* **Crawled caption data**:
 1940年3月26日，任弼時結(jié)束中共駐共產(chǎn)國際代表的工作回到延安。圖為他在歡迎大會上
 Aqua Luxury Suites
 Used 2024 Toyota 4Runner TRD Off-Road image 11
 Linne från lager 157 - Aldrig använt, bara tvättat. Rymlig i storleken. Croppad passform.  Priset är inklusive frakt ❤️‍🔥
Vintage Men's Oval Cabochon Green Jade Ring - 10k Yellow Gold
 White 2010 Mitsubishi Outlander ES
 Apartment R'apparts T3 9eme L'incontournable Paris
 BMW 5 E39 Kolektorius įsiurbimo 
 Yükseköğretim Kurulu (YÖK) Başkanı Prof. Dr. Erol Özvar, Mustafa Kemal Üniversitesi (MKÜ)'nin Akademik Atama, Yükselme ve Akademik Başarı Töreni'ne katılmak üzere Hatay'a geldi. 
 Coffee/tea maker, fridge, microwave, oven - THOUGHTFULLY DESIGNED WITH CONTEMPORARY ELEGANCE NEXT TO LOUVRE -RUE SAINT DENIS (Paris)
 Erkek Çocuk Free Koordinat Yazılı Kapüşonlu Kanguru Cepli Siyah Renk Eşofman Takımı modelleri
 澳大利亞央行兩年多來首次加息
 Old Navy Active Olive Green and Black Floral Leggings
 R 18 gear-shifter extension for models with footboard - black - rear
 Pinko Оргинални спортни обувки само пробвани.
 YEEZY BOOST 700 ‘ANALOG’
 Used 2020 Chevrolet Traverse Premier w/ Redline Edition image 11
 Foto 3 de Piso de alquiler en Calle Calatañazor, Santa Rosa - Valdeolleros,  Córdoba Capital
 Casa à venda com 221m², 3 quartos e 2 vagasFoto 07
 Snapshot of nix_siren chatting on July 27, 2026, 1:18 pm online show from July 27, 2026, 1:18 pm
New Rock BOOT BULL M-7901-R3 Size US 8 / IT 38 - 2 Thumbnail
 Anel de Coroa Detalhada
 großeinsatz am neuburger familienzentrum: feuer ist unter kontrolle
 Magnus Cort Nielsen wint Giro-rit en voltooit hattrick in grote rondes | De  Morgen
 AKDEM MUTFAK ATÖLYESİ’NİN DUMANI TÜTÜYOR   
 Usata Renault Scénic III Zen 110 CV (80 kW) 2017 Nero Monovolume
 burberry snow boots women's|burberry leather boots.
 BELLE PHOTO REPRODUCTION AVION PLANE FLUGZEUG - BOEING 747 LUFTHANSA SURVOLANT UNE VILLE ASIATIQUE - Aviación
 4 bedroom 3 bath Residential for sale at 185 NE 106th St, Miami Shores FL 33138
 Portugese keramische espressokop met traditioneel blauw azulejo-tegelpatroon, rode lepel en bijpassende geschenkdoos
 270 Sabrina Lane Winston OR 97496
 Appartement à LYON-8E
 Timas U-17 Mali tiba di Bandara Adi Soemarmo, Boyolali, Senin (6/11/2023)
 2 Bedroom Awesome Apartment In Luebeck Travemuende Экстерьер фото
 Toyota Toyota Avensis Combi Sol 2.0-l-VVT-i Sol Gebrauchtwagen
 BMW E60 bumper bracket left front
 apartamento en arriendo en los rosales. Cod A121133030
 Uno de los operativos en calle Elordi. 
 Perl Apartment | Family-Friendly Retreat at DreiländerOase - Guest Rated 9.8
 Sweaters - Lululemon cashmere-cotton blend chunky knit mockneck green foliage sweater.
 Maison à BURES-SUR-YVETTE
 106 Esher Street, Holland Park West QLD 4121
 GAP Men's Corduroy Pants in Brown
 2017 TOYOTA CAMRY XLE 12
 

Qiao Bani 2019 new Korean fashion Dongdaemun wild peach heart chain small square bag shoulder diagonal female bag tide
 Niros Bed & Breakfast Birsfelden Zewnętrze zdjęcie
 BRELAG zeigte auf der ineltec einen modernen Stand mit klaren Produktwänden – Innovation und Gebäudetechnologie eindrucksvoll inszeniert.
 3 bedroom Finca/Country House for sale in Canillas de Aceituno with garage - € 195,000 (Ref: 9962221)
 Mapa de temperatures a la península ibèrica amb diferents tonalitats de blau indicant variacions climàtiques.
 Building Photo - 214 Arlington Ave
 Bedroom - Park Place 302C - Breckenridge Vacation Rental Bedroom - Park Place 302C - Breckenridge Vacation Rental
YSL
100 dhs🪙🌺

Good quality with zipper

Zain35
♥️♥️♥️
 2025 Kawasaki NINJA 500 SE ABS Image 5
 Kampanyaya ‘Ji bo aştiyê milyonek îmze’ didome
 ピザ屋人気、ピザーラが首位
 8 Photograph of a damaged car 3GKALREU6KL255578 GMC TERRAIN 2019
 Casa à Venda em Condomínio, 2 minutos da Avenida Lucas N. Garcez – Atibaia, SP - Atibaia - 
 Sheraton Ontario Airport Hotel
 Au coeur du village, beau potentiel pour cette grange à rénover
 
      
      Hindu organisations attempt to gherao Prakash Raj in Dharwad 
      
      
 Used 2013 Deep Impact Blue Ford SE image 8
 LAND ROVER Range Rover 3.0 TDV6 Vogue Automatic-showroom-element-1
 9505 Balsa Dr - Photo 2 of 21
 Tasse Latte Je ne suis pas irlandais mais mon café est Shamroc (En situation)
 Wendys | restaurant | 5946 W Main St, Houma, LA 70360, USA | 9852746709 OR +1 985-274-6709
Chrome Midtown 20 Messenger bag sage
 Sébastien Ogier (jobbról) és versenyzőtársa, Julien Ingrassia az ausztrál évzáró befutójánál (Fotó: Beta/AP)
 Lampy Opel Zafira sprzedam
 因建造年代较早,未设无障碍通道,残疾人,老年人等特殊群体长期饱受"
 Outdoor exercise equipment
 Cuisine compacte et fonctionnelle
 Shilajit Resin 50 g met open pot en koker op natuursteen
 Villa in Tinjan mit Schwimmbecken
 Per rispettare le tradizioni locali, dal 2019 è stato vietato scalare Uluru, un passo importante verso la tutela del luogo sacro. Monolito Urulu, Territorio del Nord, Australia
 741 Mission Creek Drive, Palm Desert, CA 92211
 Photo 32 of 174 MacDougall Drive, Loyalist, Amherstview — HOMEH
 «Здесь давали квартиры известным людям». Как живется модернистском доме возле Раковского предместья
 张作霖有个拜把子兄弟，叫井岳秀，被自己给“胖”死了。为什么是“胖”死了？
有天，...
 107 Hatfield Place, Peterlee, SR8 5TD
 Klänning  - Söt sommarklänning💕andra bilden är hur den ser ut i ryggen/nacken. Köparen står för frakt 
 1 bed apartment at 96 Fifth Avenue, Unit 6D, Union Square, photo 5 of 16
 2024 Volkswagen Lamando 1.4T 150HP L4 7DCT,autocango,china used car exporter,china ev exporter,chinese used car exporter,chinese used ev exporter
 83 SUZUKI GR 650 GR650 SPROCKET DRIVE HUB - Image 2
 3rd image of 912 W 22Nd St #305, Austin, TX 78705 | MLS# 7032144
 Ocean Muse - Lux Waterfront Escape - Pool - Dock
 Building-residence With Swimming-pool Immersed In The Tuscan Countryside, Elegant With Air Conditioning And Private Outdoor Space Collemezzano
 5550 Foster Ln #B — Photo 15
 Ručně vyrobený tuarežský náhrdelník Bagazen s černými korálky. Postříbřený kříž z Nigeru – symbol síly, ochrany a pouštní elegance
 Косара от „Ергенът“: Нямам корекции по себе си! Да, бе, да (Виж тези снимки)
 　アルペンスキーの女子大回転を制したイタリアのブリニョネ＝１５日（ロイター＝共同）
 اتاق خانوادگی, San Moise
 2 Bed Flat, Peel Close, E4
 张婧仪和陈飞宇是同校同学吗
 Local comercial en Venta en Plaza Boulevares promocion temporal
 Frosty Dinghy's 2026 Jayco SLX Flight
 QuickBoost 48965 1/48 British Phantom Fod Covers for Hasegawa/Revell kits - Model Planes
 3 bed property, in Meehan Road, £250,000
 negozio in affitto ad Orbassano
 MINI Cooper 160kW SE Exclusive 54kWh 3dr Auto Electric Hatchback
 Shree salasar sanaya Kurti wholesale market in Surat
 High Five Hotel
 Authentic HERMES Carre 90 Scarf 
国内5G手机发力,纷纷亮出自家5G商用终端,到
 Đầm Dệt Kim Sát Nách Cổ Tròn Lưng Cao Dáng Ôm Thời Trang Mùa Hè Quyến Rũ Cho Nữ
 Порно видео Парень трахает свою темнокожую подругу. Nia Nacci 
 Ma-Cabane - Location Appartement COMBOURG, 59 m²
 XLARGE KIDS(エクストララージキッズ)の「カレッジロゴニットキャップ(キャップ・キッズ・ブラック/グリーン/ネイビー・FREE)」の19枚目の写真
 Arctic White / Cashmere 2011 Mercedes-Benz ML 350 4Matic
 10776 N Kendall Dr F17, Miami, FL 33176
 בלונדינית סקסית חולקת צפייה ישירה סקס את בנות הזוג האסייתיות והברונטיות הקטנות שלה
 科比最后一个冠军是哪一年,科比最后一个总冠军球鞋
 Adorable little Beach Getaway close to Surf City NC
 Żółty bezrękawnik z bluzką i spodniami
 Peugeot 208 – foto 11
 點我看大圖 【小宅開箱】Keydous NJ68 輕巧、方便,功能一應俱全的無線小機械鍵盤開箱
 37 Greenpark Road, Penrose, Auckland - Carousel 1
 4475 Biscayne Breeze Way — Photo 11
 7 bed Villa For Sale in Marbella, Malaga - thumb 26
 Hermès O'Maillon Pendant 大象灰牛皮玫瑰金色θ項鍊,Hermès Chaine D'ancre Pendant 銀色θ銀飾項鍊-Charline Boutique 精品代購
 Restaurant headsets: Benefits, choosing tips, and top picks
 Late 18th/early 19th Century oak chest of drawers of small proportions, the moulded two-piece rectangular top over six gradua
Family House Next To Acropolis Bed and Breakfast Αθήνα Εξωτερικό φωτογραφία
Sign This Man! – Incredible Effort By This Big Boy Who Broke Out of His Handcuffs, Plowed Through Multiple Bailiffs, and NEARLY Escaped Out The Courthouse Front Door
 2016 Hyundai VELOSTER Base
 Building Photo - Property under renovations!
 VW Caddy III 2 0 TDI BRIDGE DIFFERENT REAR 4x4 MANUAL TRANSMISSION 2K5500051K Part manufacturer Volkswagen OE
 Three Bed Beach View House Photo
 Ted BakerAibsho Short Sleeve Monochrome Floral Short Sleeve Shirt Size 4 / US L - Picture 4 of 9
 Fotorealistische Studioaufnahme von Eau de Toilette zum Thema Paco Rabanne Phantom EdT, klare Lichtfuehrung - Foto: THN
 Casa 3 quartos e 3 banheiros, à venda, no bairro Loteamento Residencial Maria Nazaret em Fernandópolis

* **What needs to be done**:
Write out every line in the data that holds the string "Phantom".

* **Written solution**:
 QuickBoost 48965 1/48 British Phantom Fod Covers for Hasegawa/Revell kits - Model Planes
 Fotorealistische Studioaufnahme von Eau de Toilette zum Thema Paco Rabanne Phantom EdT, klare Lichtfuehrung - Foto: THN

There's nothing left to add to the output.